Orang Amerika Serikat paling menyadari pentingnya kekuatan branding. Negara tersebut adalah negara dengan jumlah utang terbesar di dunia. Namun tidak sedikitpun bangsa tersebut grogi akan besarnya hutang yang dimiliki. Mengapa? Karena di negara tersebut segudang merek-merek besar bercokol.
Sebutlah Coca Cola yang dinilai 70 miliar US dollar alias hampir 700 triliun rupiah. Belum lagi kalau kita bicara Microsoft yang dimiliki oleh Bill Gates, manusia terkaya sejagat. Juga perusahaan mesin pencari (search engine) di internet, Google, yg nilainya seharga semua kapitalisasi pasar emiten yang ada di BEJ. Masih ada lagi merek kelas dunia seperti Disney, Pepsi Cola, Citibank, Kentucky Fried Chicken, Amazon.com dsbgnya, yang kalau 10 merek besar saja dijual, maka kemungkinan seluruh hutang Amerika Serikat bisa lunas. Ini semua terjadi karena pemerintahan di sana menyadari pentingnya membangun dan menjaga brand supaya tumbuh mendunia, sehingga perekonomian bangsa terjaga aman.

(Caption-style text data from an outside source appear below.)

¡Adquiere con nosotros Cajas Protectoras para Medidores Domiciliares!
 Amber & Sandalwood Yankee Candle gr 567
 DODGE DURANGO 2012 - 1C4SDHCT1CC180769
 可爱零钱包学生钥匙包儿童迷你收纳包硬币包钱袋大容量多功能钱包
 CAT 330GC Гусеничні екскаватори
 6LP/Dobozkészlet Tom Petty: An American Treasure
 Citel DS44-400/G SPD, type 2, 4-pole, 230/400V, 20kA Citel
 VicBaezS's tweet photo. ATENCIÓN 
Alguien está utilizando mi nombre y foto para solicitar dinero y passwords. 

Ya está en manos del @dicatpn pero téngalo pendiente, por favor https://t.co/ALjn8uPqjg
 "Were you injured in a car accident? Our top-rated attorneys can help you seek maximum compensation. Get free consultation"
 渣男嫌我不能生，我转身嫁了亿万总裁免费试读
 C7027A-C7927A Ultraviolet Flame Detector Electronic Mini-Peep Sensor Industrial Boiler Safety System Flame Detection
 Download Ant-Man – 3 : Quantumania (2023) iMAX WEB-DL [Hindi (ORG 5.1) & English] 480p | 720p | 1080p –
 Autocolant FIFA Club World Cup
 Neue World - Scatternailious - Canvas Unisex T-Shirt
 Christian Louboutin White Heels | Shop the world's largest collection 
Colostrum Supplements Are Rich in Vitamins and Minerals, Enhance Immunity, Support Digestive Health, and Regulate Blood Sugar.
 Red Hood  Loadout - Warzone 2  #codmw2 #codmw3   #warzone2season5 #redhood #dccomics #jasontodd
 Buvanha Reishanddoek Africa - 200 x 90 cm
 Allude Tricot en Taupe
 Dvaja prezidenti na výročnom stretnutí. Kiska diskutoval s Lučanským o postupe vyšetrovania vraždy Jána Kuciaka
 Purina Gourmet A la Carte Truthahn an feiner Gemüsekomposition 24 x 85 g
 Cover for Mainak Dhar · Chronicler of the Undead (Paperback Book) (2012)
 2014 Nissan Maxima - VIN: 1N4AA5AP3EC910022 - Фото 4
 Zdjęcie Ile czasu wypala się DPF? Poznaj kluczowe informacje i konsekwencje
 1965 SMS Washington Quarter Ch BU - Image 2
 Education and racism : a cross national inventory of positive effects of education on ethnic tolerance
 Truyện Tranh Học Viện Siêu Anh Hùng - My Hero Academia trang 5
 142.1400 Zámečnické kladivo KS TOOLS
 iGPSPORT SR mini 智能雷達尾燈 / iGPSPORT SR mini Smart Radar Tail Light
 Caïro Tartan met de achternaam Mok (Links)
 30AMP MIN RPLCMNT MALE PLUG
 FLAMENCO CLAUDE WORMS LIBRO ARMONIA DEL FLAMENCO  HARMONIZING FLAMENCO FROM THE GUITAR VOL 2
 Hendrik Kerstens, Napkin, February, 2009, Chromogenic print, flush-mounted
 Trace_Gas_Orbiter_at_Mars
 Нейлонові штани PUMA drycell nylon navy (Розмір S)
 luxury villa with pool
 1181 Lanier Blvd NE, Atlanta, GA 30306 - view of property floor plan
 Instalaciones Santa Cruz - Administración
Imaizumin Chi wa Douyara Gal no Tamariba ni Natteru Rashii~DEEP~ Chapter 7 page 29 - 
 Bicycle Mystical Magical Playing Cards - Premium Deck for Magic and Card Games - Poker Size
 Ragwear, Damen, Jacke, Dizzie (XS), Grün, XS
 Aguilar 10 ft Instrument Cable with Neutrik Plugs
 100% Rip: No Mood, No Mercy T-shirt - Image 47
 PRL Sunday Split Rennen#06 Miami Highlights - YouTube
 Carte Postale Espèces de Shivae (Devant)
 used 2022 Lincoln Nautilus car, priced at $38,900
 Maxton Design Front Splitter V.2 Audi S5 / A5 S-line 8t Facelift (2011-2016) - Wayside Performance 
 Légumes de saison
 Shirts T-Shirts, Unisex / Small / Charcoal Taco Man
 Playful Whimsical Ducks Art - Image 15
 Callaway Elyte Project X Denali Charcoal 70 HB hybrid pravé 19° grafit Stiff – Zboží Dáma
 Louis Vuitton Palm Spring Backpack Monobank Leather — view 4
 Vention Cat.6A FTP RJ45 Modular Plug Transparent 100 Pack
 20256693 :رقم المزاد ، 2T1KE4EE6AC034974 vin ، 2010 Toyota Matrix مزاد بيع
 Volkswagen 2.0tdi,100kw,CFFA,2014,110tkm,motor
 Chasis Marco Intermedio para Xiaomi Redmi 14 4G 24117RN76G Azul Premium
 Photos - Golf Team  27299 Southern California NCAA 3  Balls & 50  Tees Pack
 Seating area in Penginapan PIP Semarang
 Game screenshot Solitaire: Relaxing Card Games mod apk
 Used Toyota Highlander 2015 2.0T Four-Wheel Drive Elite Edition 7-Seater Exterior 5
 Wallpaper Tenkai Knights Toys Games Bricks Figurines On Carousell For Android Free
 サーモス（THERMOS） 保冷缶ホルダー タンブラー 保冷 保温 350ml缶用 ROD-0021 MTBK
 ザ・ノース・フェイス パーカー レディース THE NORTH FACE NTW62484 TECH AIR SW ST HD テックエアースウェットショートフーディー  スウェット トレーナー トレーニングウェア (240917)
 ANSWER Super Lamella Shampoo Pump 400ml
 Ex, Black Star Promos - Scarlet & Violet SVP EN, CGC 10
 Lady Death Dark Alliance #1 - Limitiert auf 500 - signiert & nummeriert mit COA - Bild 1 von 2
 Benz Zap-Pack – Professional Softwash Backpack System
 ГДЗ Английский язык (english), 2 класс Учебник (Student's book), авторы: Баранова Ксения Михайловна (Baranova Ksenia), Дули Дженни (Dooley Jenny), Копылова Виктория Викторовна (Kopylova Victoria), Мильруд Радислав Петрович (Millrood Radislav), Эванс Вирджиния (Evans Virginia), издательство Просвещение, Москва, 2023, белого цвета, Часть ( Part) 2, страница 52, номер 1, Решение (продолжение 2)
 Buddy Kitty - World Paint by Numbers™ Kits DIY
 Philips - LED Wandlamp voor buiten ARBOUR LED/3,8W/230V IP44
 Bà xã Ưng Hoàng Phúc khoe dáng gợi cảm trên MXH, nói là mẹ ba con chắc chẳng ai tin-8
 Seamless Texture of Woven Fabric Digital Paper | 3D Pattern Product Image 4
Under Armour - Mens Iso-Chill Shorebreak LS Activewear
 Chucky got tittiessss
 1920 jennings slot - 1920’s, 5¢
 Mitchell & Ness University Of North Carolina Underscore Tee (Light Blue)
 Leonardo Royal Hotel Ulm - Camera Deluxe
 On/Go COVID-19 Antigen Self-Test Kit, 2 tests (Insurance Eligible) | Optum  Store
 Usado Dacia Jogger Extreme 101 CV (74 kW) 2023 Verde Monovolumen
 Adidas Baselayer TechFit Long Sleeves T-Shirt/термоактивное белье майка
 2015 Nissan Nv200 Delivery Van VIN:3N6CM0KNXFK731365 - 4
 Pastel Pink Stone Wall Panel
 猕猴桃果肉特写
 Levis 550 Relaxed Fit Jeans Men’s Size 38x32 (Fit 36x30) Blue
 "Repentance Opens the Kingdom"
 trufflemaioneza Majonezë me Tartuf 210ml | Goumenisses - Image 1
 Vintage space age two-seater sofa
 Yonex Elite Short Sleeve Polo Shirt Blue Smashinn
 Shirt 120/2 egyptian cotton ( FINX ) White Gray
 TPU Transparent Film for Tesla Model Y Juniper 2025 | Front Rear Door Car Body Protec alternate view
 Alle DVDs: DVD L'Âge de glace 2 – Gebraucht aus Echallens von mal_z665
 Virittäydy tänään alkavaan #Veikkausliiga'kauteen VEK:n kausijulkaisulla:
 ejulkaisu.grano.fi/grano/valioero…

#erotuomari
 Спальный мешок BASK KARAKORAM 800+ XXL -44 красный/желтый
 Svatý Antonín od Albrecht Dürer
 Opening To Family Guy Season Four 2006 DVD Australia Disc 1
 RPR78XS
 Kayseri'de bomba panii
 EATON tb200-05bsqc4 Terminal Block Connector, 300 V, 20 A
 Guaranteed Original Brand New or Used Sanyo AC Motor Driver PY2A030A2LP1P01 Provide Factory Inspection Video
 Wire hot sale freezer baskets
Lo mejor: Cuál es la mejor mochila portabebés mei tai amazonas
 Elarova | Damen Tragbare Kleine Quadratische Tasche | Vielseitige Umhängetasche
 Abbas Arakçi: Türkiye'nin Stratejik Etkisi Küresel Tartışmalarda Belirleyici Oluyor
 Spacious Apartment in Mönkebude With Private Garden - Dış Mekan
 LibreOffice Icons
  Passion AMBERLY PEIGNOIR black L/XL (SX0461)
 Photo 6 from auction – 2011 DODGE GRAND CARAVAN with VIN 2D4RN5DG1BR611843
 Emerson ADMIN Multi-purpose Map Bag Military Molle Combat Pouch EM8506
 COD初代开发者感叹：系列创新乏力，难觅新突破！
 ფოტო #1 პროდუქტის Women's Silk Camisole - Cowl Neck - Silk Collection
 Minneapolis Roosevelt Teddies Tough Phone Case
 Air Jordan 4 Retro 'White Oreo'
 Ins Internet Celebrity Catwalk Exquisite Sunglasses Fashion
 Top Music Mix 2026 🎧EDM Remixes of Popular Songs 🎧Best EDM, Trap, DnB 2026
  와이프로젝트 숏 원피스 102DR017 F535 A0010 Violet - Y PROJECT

Bagaimana dengan di Indonesia? Isu mengenai sikap pemerintah mendukung proses branding masih menjadi tanda tanya besar. Cara berpikir orang kita yang kalau melihat sesuatu secara jangka pendek, tidak membuat kehadiran suatu brand bisa bertumbuh dengan baik. Brand-brand besar yang ada di sini sepenuhnya merupakan usaha keras pihak swasta untuk membesarkannya. Belum lagi masalah pembajakan brand yang cukup marak sehingga membuat ketakutan banyak pihak untuk mengambil posisi berjuang habis-habisan untuk branding.
Mengapa Perlu Branding?
Brand yang kuat akan memberi efek kepercayaan produk yang kuat sehingga orang bersedia membayar lebih mahal daripada brand lainnya walaupun suatu produk bisa jadi sama persis kualitasnya. Anda akan tampil lebih yakin saat tahu jass yang anda pakai mereknya Hugo Boss, namun saat brand yang menempel dicopot dipasangkan merek Ogah Bos, apakah masih anda berjalan dengan mantap?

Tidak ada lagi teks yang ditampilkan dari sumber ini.